Inventory and box up the items that have some value and get them into the attic or garage.  For me this is truly a case of out of sight out of mind, I have not missed one item that I have done this with.  The next step for these items is out the door!

Sell a few things on Ebay, and give the rest away to friends, thrift shops or Freecycle.

Just learn to let it go and relieve yourself of the burden!

I tell people I feel like the old pioneers crossing the prairie in a covered wagon, as the journey becomes more difficult I find myself leaving my possessions on the side of the trail as I head towards my new life!

Good luck!


----------



## Ken N Tx

I would think the the declutter service is aimed at hoarders...


----------



## Jackie22

Hoot N Annie said:


> A good friend of mine had a minister tell the congregation "everything you own will some day be in a garage sale".  Truth.  It's all just stuff.  When we die, all of our memories go with it and those things we treasure, well, they're just stuff to our children and grandchildren.



.....this is true, I've been the one to clean out homes of my relatives that have passed on.
I'm continuing to get rid of stuff, if it is usable, the kids get it, if not, it is thrown away.


----------



## Myquest55

> I tell people I feel like the old pioneers crossing the prairie in a covered wagon, as the journey becomes more difficult I find myself leaving my possessions on the side of the trail as I head towards my new life!



Oh, I like that analogy!  

We keep asking ourselves   "Do we NEEEED this?"  and  "Do we want to pay to move it to Maine?"  Another thing I suggested to my boys - "If you were going to live on a boat, would you have room for this?"

We paid money for all of this stuff but do we want to pay MORE money to keep it?  Some of these things are tough to consider.  I like the suggestion of boxing it up and setting it aside for a while.  As for family things - I have two very old sewing machines - one from my grandmother and one from my mother-in-law.  I have no use for them and really don't want to pay to move them to Maine.  I have no daughters to pass them to, so....they have to go.  I WILL keep the silver creamer and coral necklace that were passed down - smaller and easier to pass on.


----------



## fureverywhere

I know many people hold garage sales but I just couldn't do it.
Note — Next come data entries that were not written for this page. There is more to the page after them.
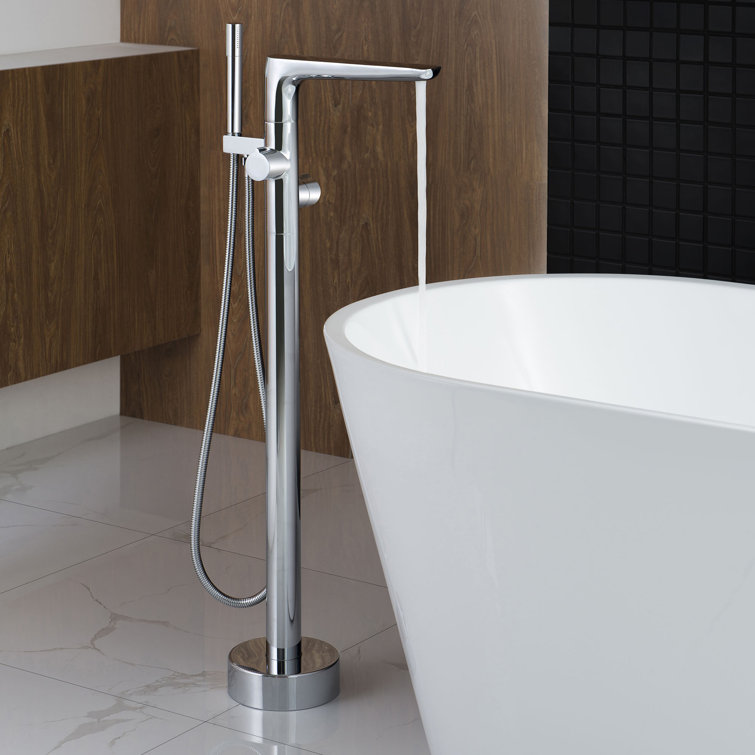 Chrome Freestanding Tub Filler Faucet with Hand Shower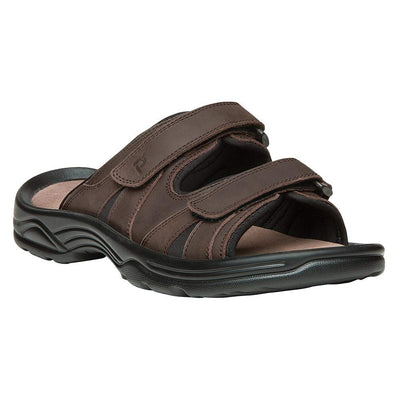 Propét Men's Vero Slide Sandal, Brown, 11 X-Wide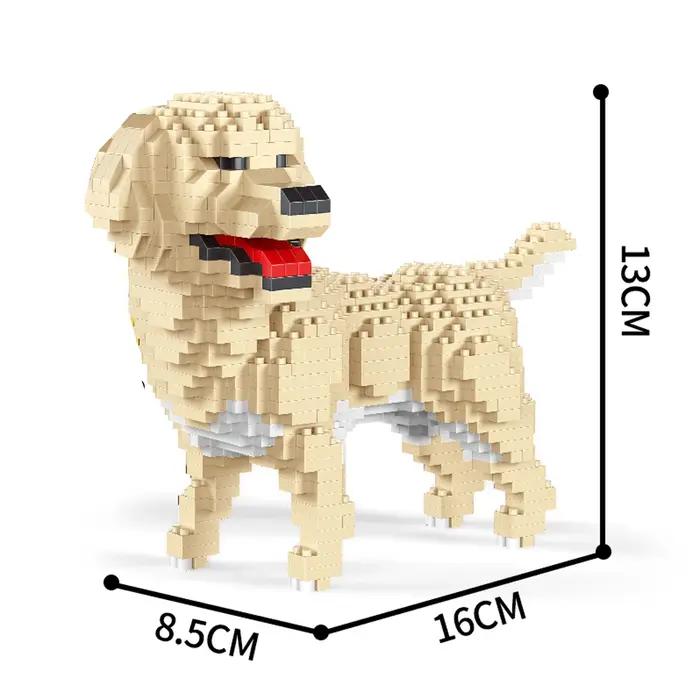 Décoration d'intérieur, modèle de teckel, compagnon de jeu pour animaux de compagnie, micro-blocs de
There are certain things with emotional meaning. For me it seems depressing to slap a price tag on and have strangers prowling through my stuff. I prefer to just box and donate. But I'm still looking into the value of my MIL's crystal and the Boyd Bears.


----------



## debodun

It IS depressing to be told over and over again that the items my mother collected and paid top dollar in the 1970s are practically worthless today. She paid $300 in 1977 for a green Depression glass luncheon set for 8 (you know what that would be in today's money?). With everyone decluttering, the market is flooded with doo-dads. Supply is high; demand is low.


----------



## jujube

It actually gets easier and easier to let things go once you get started.  I had the usual hard time at first....."oh, this cost so much money....how can I sell it for less?"   But it just gets easier to ask yourself if you actually need it and who are you saving it for?
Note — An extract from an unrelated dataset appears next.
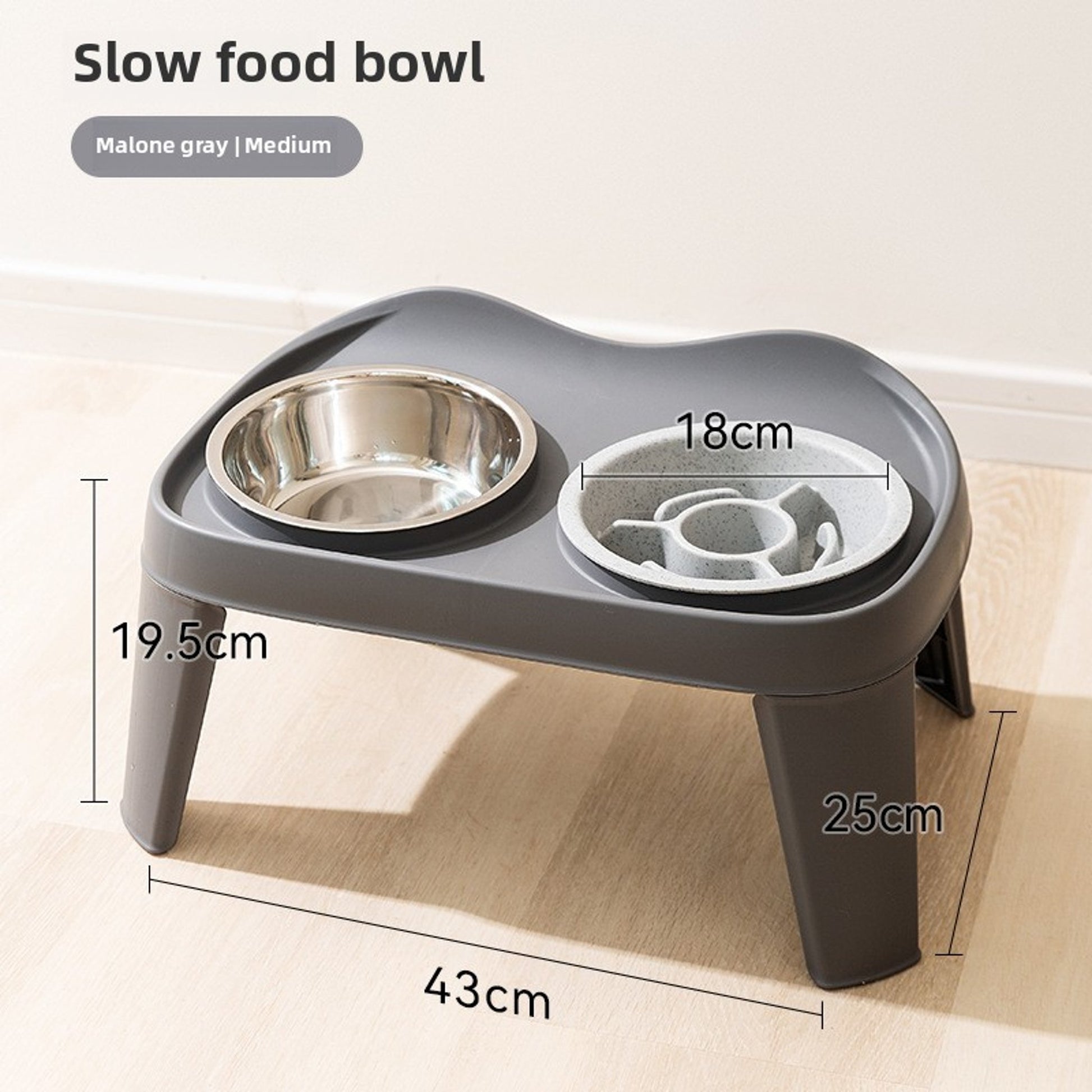 Orthopedic Elevated Slow Feeder – Stainless Steel Anti-Choke Bowl with Stand for Dogs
My daughter, granddaughter, niece and nephew were all offered the items first and turned them down.  Maybe one of these days, they'll ask themselves why they passed them up, but you know? it won't be my problem then.  I'm not paying to store them until such time as they get nostalgic  

Some days, I look at what little I actually own now and feel lighter than a balloon.  I just might float away....


----------



## debodun

I shudder to think what fine antiques and collectibles are trashed every day by people that don't recognize the value or even care. We live in a buy cheap, use, discard and buy again (i.e "big box") economy.


----------



## Aunt Bea

debodun said:


> It IS depressing to be told over and over again that the items my mother collected and paid top dollar in the 1970s are practically worthless today. She paid $300 in 1977 for a green Depression glass luncheon set for 8 (you know what that would be in today's money?). With everyone decluttering, the market is flooded with doo-dads. Supply is high; demand is low.



I agree that it is sad and depressing to think about.  I think that some things just become too old to be of interest to the next generation of collectors.  I think most people collect items that they remember from their childhood.  As an example in this area the colored nesting Pyrex bowls that I remember my mother using in the 50's bring good money while the older Hall nesting bowls have gone down in value.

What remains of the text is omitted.